Keresahan itu makin menjadi-jadi, setelah banyaknya artis Tik-Tok, yang entah kenapa, bisa begitu getol mengadakan acara "meet and greet", dengan tarif mahal, layaknya artis terkenal. Oke, mereka bisa saja berargumen, jumlah followersnya sangat banyak, seperti halnya artis terkenal. Tapi, artis terkenal punya nilai tambah, artis Tik-Tok tak punya. Satu-satunya daya tarik mereka cuma "wow effect", berupa kehebohan publik kita, (yang pada dasarnya terlalu mudah heboh) dari aksi-aksi mereka di aplikasi Tik-Tok.

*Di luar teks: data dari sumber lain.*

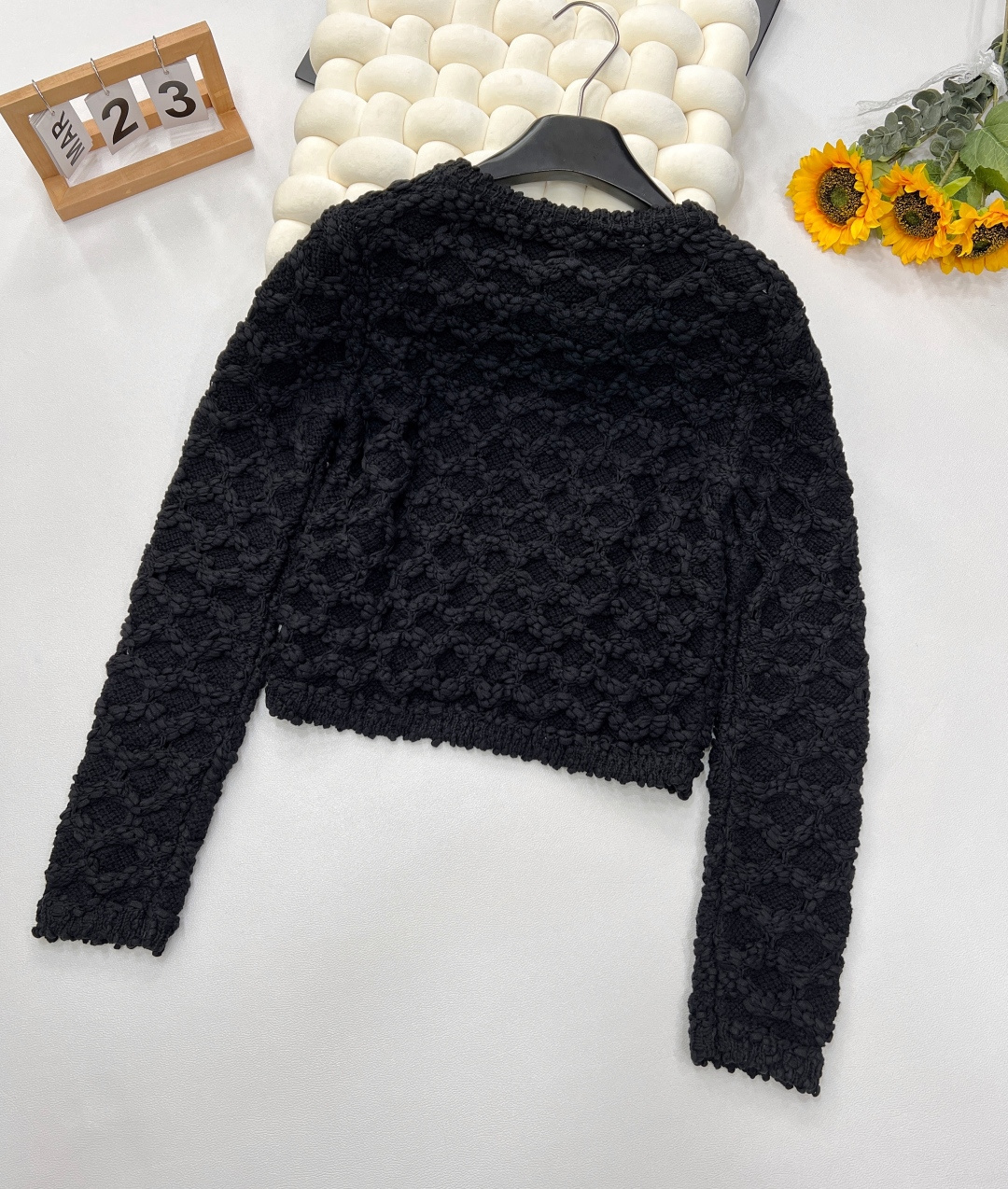 🆕CHANEL25SS 春季新款粗花呢菱格纹镂空针织开衫短外套简直杀疯啦！奶fufu 的白色，自带温柔滤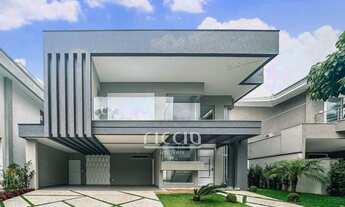 Imagem: 4 dormitórios, 4 suíte, 6 banheiro, 4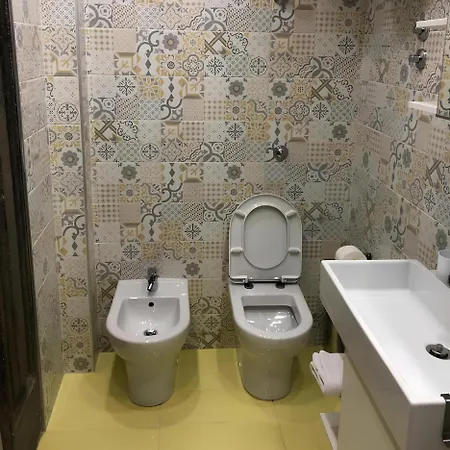 O' Scartellato Hotel apartamentowy Neapol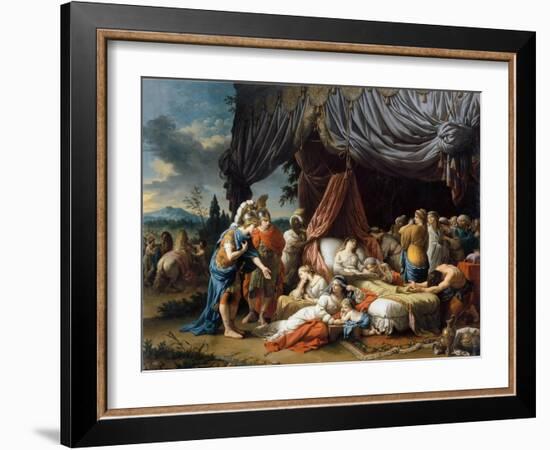 Alexander the Great and Hephaestion at the Deathbed of the Wife of Darius III-Louis-Jean-François Lagrenée-Framed Giclee Print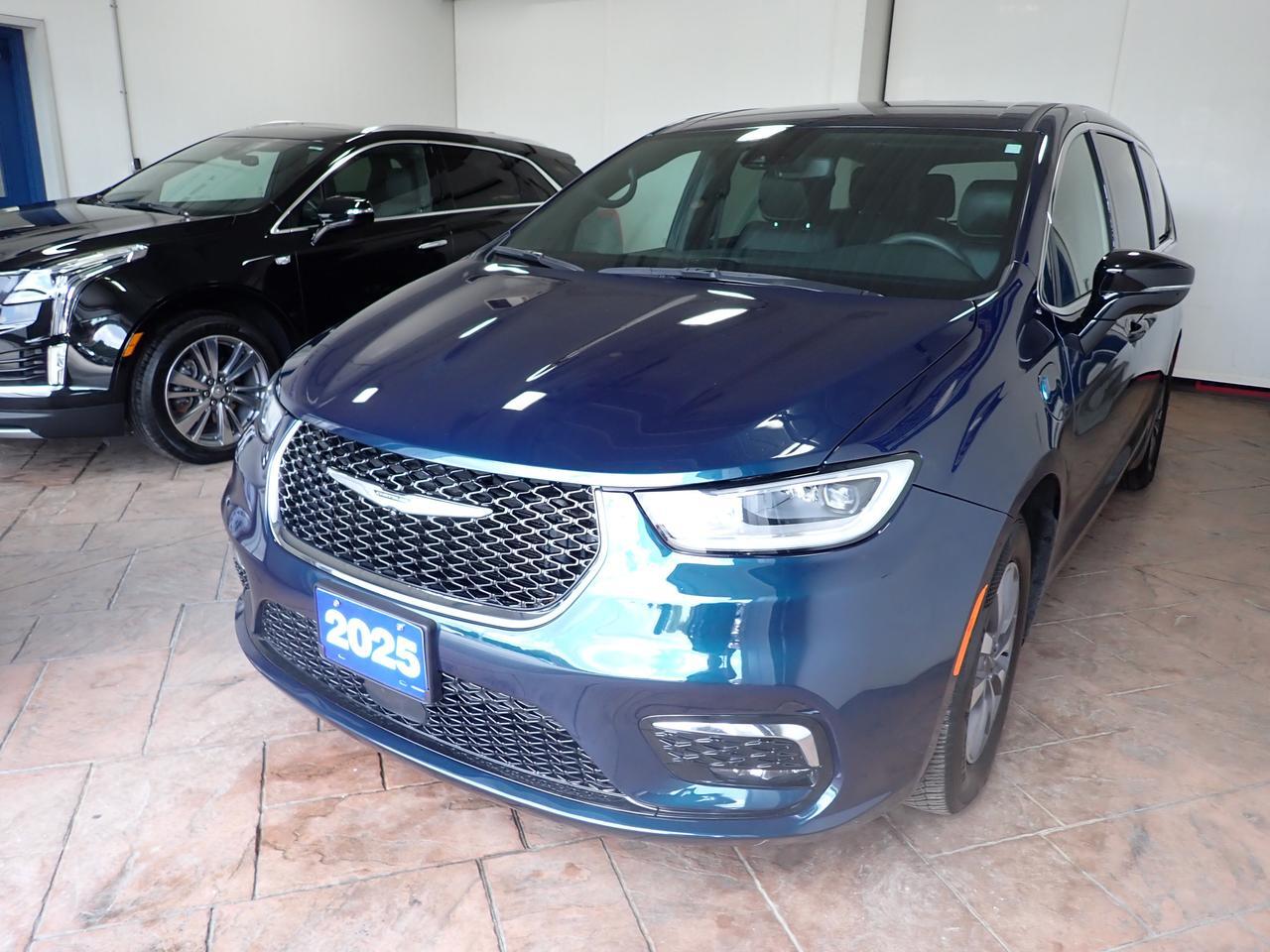 2025 Chrysler Pacifica Hybrid Select 2WD *HYBRID* LEATHER Listowel ON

Karena, para artis terkenal punya kemampuan bernilai jual tinggi. Misalnya, seorang penyanyi dihargai karena suara merdu, atau kemampuan bermusiknya yang keren. Seorang aktor/aktris diidolakan, karena wajahnya yang cantik/ganteng, plus kemampuan beraktingnya yang memukau. Kelebihan mereka layak dihargai mahal, karena memang bernilai jual tinggi. Inilah perbedaan mendasar, antara artis terkenal dan artis Tik-Tok.
Tapi, meski melegakan, pemblokiran Tik-Tok bukan berarti menjadi akhir masalah. Justru, ini menjadi awal masalah berikutnya. Terutama, jika pemerintah tidak antisipatif.
Seperti diketahui, bangsa kita terkenal cerdas, punya banyak akal. Dengan kelebihan ini, mengakali situasi bukan perkara sulit. Kalau Tik-Tok kena getok, tinggal ganti dengan platform sejenis yang beda nama, misalnya Musical.ly alias Muser. Toh yang digetok pemerintah cuma Tik-Tok. Kalaupun akhirnya Tik-Tok dibuka lagi, dengan menetapkan batasan usia tertentu (misal 17 tahun ke atas), jika aturan yang ada masih tak tegas, percuma saja. Karena semua masih bisa diakali. Uang belanja saja bisa diakali, apalagi masalah Tik-Tok kena getok.